AMARILLO, TX – President Lyndon B. Johnson signed the Medicare Act into law in 1965. This set up the Medicare system that is designed to provide health care for the elderly and disabled. It made sense that the DME industry originated in the 1970s. It is the elderly population that primarily needs medical equipment and soft goods (collectively referred to as “DME”) for day-to-day living. And so DME suppliers came into being to serve the DME needs of the elderly.
For decades, the DME industry was a “traditional Medicare fee-for-service” industry. Suppliers took care of their patients and learned how to bill traditional Medicare. Managed care was not part of DME suppliers’ lives. This began to change about 15 years ago…and the change has picked up speed over the past several years. Today, the DME industry can no longer regard itself as a traditional Medicare fee-for-service industry.
- Approximately 50% of Medicare beneficiaries are covered by Medicare Advantage (“MA”) plans. This percentage will continue to increase.
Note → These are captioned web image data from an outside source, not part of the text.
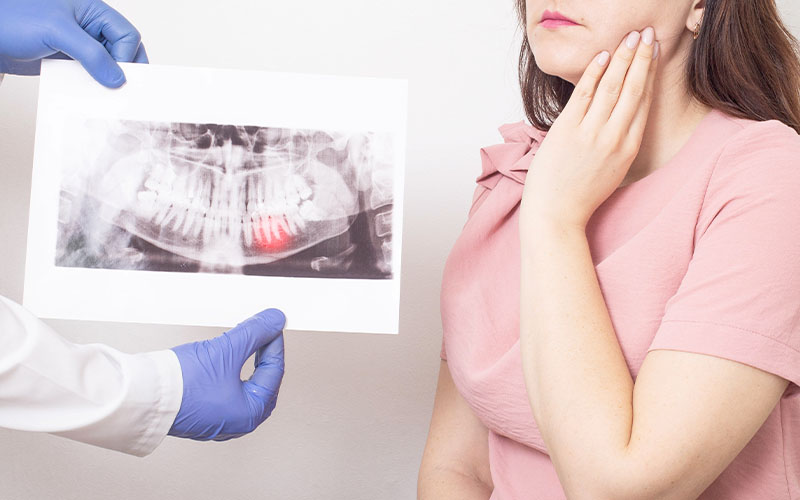 Griesbach Dental - Dentist holding an X-ray of their patients wisdom teeth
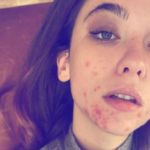 Matilda De Angelis su Instagram mostra il viso senza trucco: “Per accettarmi”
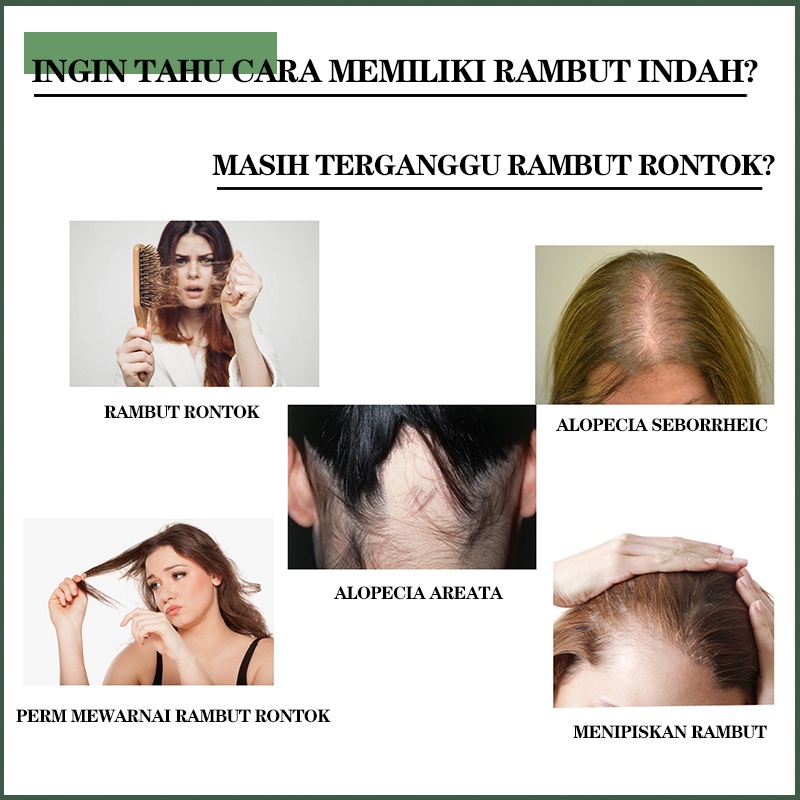 penumbuh rambut Hair growth serum penumbuh rambut botak serum penumbuh rambut 20ml serum rambut rontok Penumbuh Rambut Cepat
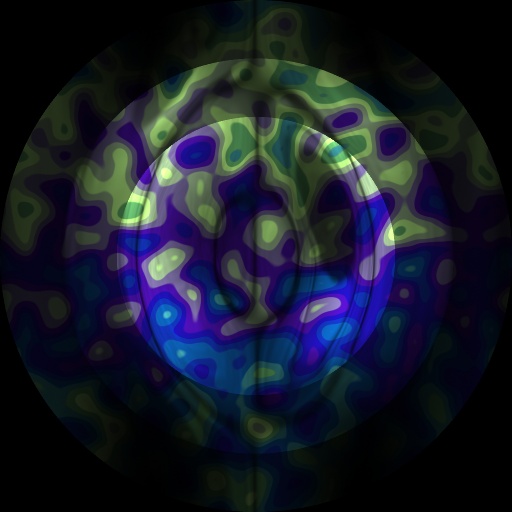 Variation 6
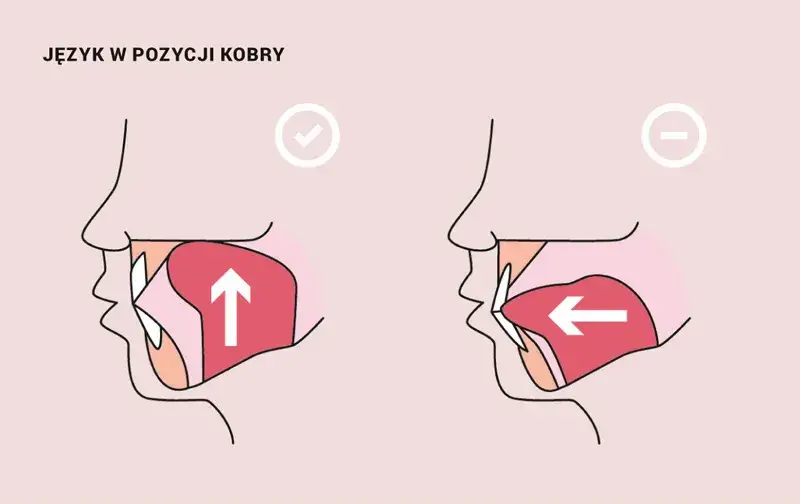 Prawidłowa pozycja języka: Jak ćwiczyć i dlaczego to ważne?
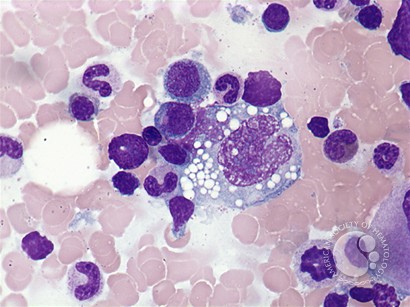 Anaplastic large cell lymphoma - bone marrow aspirate - 2.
- MA plans receive about $454 billion.
- There are approximately 4000 MA plans available to Medicare beneficiaries.
- United Healthcare has about 29% of the MA market. Humana has about 18% of the MA market. Following these two large insurers are Blue Cross Blue Shield, CVS Health, Kaiser Permanente, Centene, Cigna, and many others.
- In 2023, MA plans received almost $13 billion in “bonus” payments from CMS.
- Marketing to Medicare beneficiaries (to convince them to sign up for MA plans…as opposed to using traditional Medicare) has become distasteful. Is anybody else, besides me, tired of seeing Joe Namath on television pitching Medicare Advantage?
MA is a “middleman model.” That is, CMS pays a certain amount of money each year to a MA plan…the plan pays out a portion of the money to physicians, hospitals, DME suppliers, etc.…and the plan “pockets the spread.” This type of model is easily susceptible to abuse. It is human nature for a MA plan to (i) desire to collect as much money as possible from CMS, (ii) desire to pay out as little money as possible to providers and suppliers, and (iii) desire to increase the spread.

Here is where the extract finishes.